# [Requirement]
Using the material below, print a verbatim copy of every line from the one containing "Tienda de DIOR en Madrid / EUROPA PRESS" through the one containing "Hustler Taboo Eyes&mouth Hood - Image 1", inclusive, and omit the pictures.

# [Input]
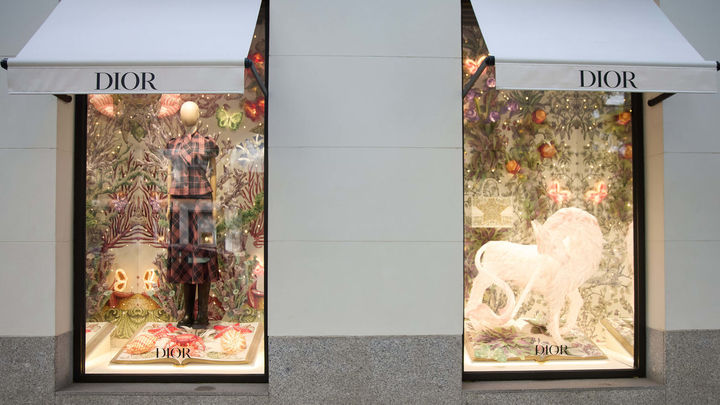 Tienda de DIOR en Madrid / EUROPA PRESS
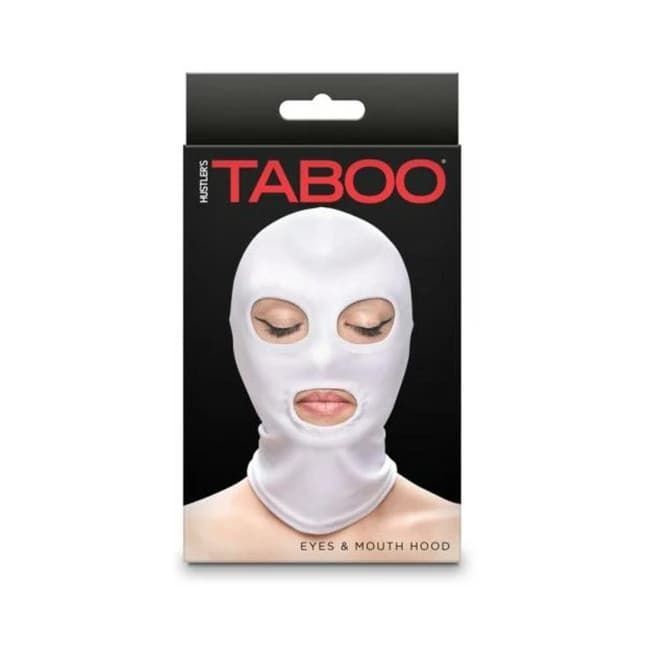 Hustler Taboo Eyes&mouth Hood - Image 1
---
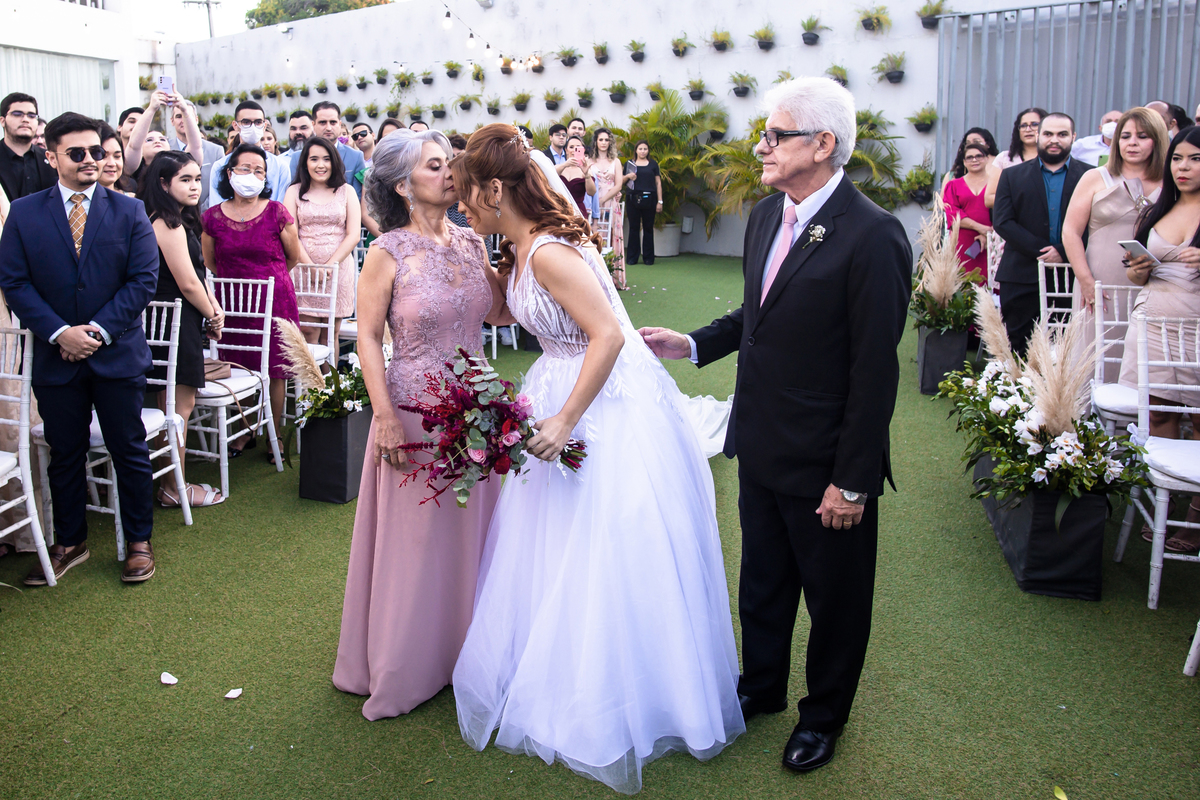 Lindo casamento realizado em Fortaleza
--
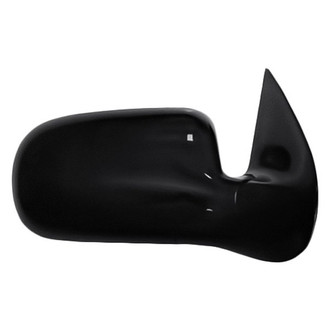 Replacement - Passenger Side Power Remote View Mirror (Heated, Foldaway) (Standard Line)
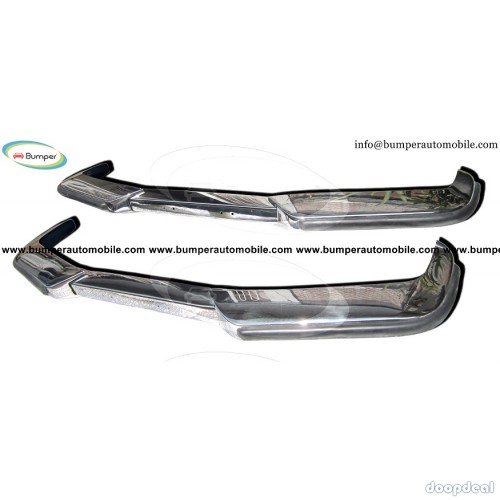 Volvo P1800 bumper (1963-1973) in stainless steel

# [Your solution]
 Tienda de DIOR en Madrid / EUROPA PRESS
 Hustler Taboo Eyes&mouth Hood - Image 1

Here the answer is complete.